(DATA FOR THIS EXERCISE Opens)
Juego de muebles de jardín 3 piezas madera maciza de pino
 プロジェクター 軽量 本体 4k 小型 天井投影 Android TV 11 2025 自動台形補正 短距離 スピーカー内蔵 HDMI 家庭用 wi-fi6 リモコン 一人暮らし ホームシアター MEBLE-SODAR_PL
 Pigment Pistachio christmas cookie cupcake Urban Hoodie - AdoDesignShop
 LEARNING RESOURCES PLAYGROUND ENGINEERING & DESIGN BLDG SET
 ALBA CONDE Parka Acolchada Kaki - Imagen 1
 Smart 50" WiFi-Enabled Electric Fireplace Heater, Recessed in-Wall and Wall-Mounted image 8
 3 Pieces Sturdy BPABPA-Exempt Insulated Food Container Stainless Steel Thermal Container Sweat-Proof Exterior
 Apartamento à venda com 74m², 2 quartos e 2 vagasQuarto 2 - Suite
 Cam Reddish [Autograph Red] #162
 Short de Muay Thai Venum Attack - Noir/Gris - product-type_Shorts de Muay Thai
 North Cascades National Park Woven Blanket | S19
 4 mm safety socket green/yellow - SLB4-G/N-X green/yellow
(DATA FOR THIS EXERCISE Closes)
* _EXERCISE DIRECTIONS_: The answer should consist only of the lines from the one containing "Pigment Pistachio christmas" through the last line of the data, given again exactly.

* _RESULT_:
 Pigment Pistachio christmas cookie cupcake Urban Hoodie - AdoDesignShop
 LEARNING RESOURCES PLAYGROUND ENGINEERING & DESIGN BLDG SET
 ALBA CONDE Parka Acolchada Kaki - Imagen 1
 Smart 50" WiFi-Enabled Electric Fireplace Heater, Recessed in-Wall and Wall-Mounted image 8
 3 Pieces Sturdy BPABPA-Exempt Insulated Food Container Stainless Steel Thermal Container Sweat-Proof Exterior
 Apartamento à venda com 74m², 2 quartos e 2 vagasQuarto 2 - Suite
 Cam Reddish [Autograph Red] #162
 Short de Muay Thai Venum Attack - Noir/Gris - product-type_Shorts de Muay Thai
 North Cascades National Park Woven Blanket | S19
 4 mm safety socket green/yellow - SLB4-G/N-X green/yellow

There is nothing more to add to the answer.